■ Collected data ■
((

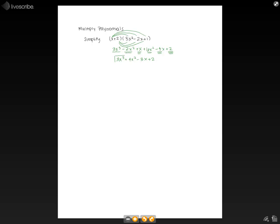So this will be our final answer: 3x cubed plus 4x squared minus 3x plus 2.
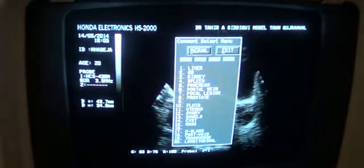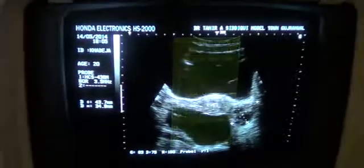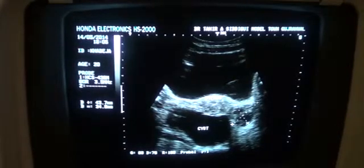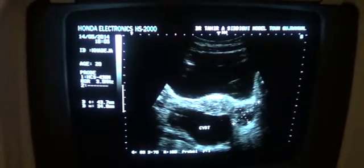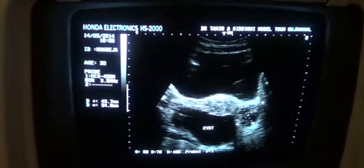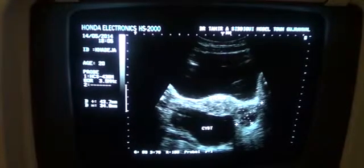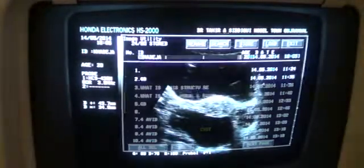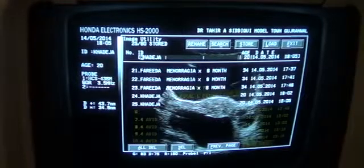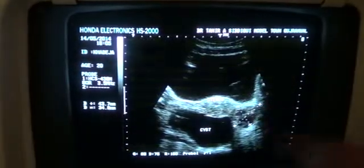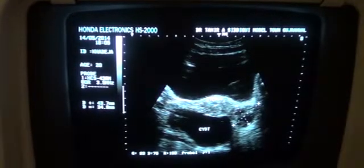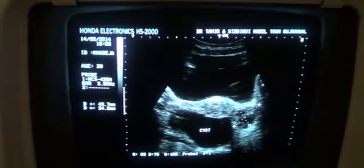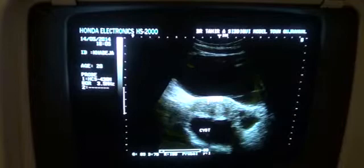And this is the cyst, which in this view is appearing to be absolutely clear of internal echoes or any septas. No calcification and no solid element is seen in this particular view, with disturbed gain settings, just to visualize the ovary properly. Because you continuously play with the gains to get a proper, beautiful view of the image.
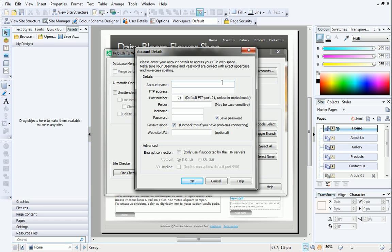First, we'll create an account name. This can be anything, but it's best to keep it simple.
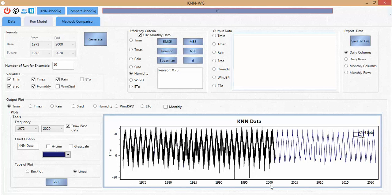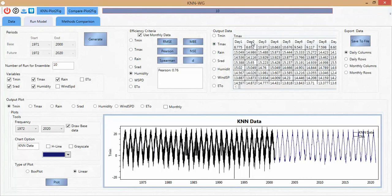This is the rest of the data for the generation period from 1972 up to 2020. If the user wants to select T max and view the data, they can click T max and see the output of the maximum temperature data here. From this panel you can also export or save the data in daily columns, daily rows, or any other format you want.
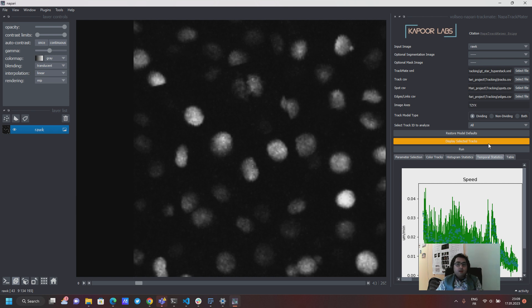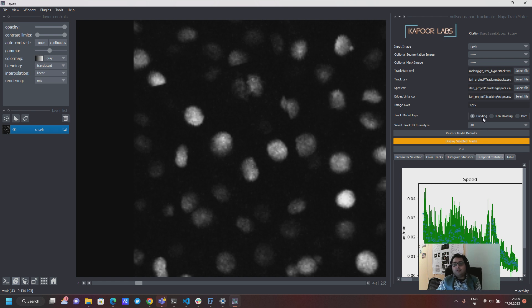And now once you hit the run button you will also see a new dropdown menu appear here which is select the track IDs to analyze and there's a separation between the kind of track type.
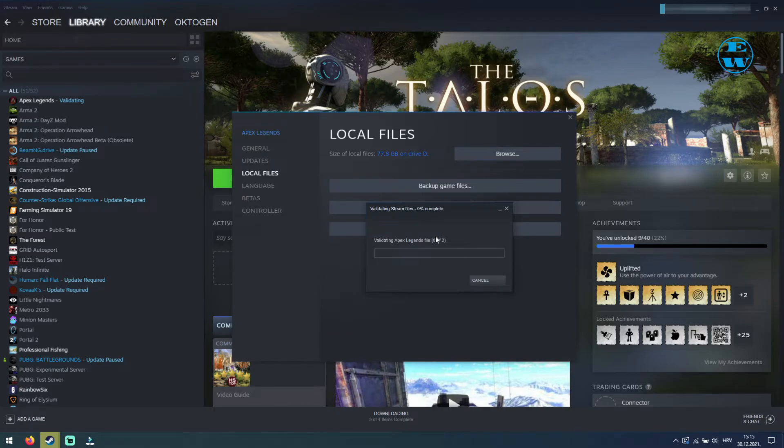You can then close this window and start your game, and hopefully your game will now run correctly without any issues.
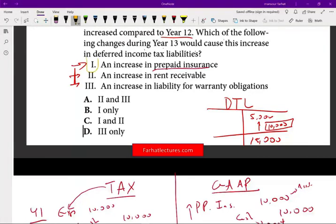So option one is definitely one of the answers. We can eliminate answer choices that exclude it. Now all we need to find out is whether option two is part of the answer, because we know option three is out. Let's take a look at option two: an increase in rent receivable.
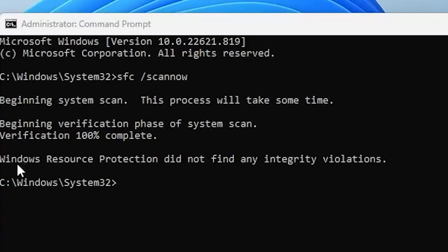Okay, as you can see, Windows Resource Protection did not find any corrupt system files on my computer.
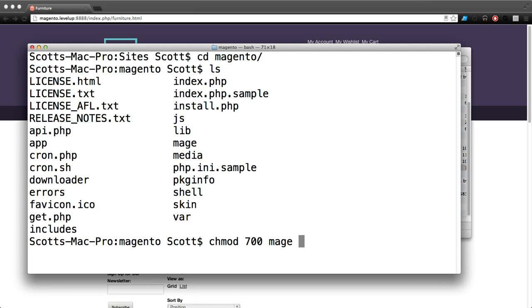We're going to change the permissions on this file 700 and hit enter. It doesn't really tell you anything but that's it.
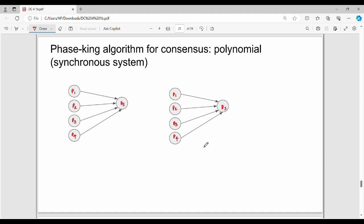Hi friends, welcome back. This is about the Face King algorithm for DC consensus. In the previous video, the iterative and recursive approach had an exponential number of messages. That is why we use the Face King algorithm, where the number of messages is polynomial. This is the time complexity advantage.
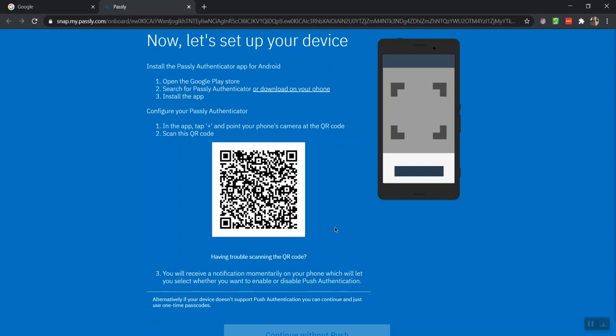This will pull up your phone's camera within the app, and with it, you will scan the QR code on your computer screen.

))

■ WHAT IS NEEDED ■
All lines from the one containing "So option one" through the final line of the entries above must be restated word for word, pictures excluded.

■ SOLUTION ■
So option one is definitely one of the answers. We can eliminate answer choices that exclude it. Now all we need to find out is whether option two is part of the answer, because we know option three is out. Let's take a look at option two: an increase in rent receivable.
Okay, as you can see, Windows Resource Protection did not find any corrupt system files on my computer.
We're going to change the permissions on this file 700 and hit enter. It doesn't really tell you anything but that's it.
Hi friends, welcome back. This is about the Face King algorithm for DC consensus. In the previous video, the iterative and recursive approach had an exponential number of messages. That is why we use the Face King algorithm, where the number of messages is polynomial. This is the time complexity advantage.
This will pull up your phone's camera within the app, and with it, you will scan the QR code on your computer screen.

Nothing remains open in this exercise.